▸ **TASK ITEM**
Having located the line with "Trooper D3 isi", print it and each remaining line exactly, stopping at the end of the material and omitting pictures.

▸ **DATA BELOW**
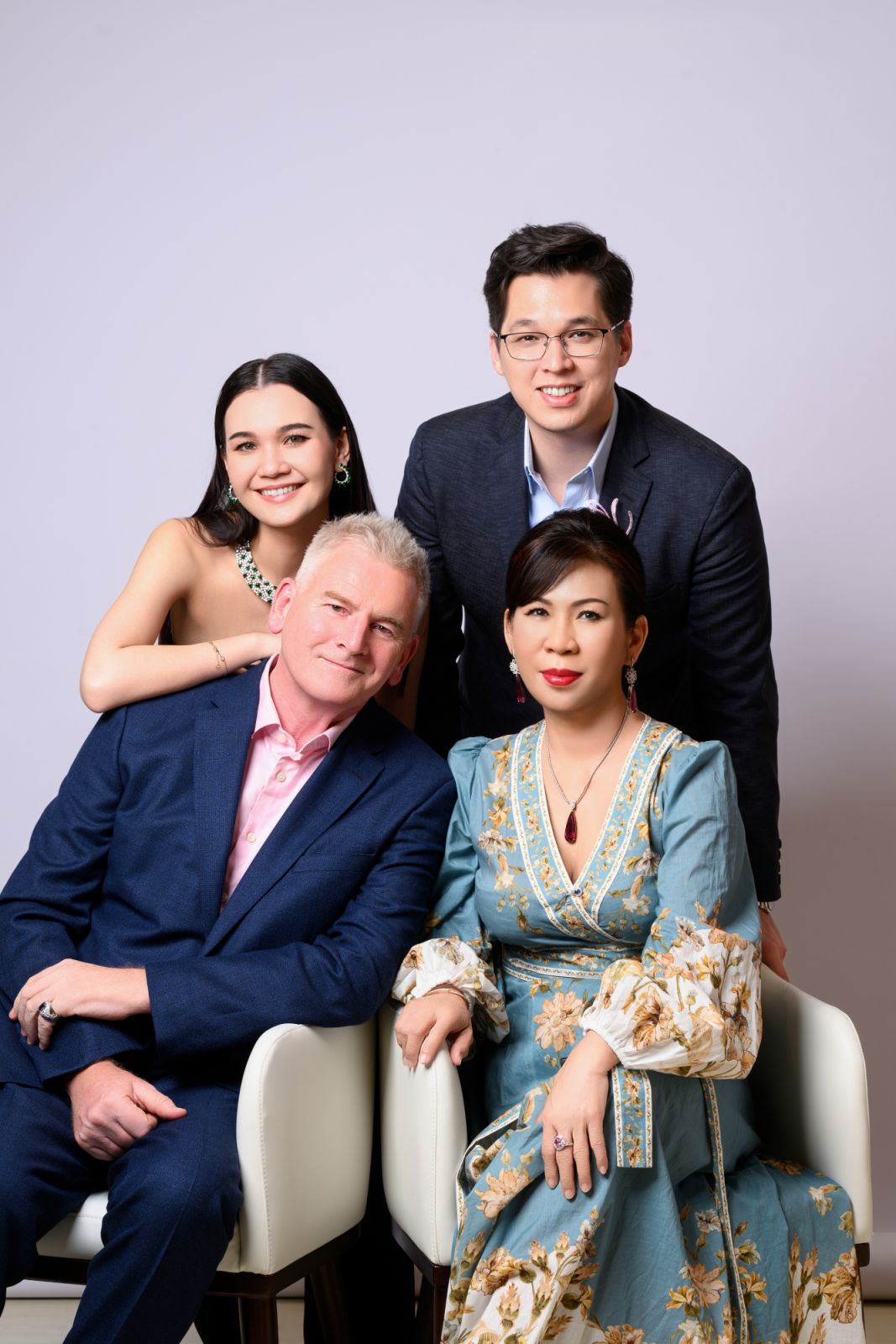 A family affair: (clockwise from bottom left) Douglas Philips, Amee Philips, Bryan Philips, and Gina Philips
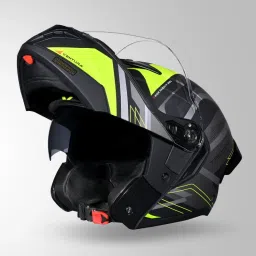 Trooper D3 isi & Dot Certified Flip-up Full Face 600mm with Dual Visor Motorbike Helmet-31
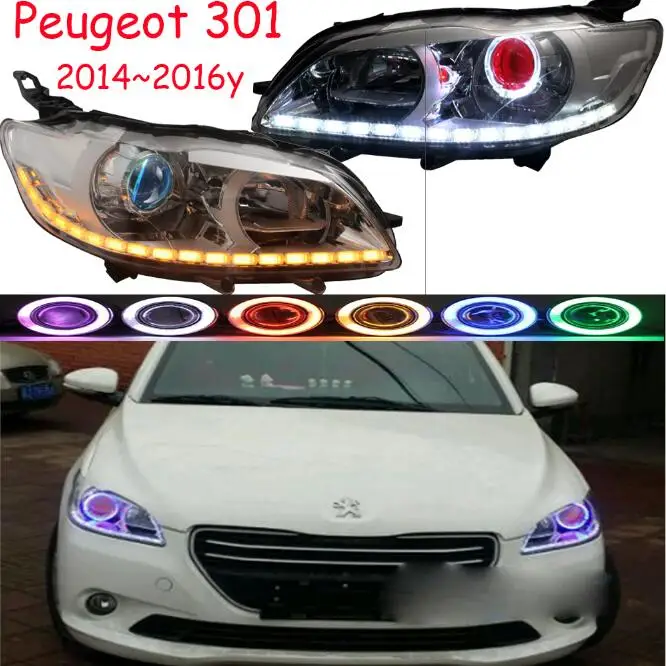 Model1 style Г. Автомобильный bupmer головной светильник для ≥geot301 головной светильник 301 автомобильные аксессуары светодиодный DRL HID ксеноновый противотуманный фонарь для 301 Головной фонарь P8 противотуманный светильник - Цвет: Model1 style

▸ **SOLVED PROBLEM**
 Trooper D3 isi & Dot Certified Flip-up Full Face 600mm with Dual Visor Motorbike Helmet-31
 Model1 style Г. Автомобильный bupmer головной светильник для ≥geot301 головной светильник 301 автомобильные аксессуары светодиодный DRL HID ксеноновый противотуманный фонарь для 301 Головной фонарь P8 противотуманный светильник - Цвет: Model1 style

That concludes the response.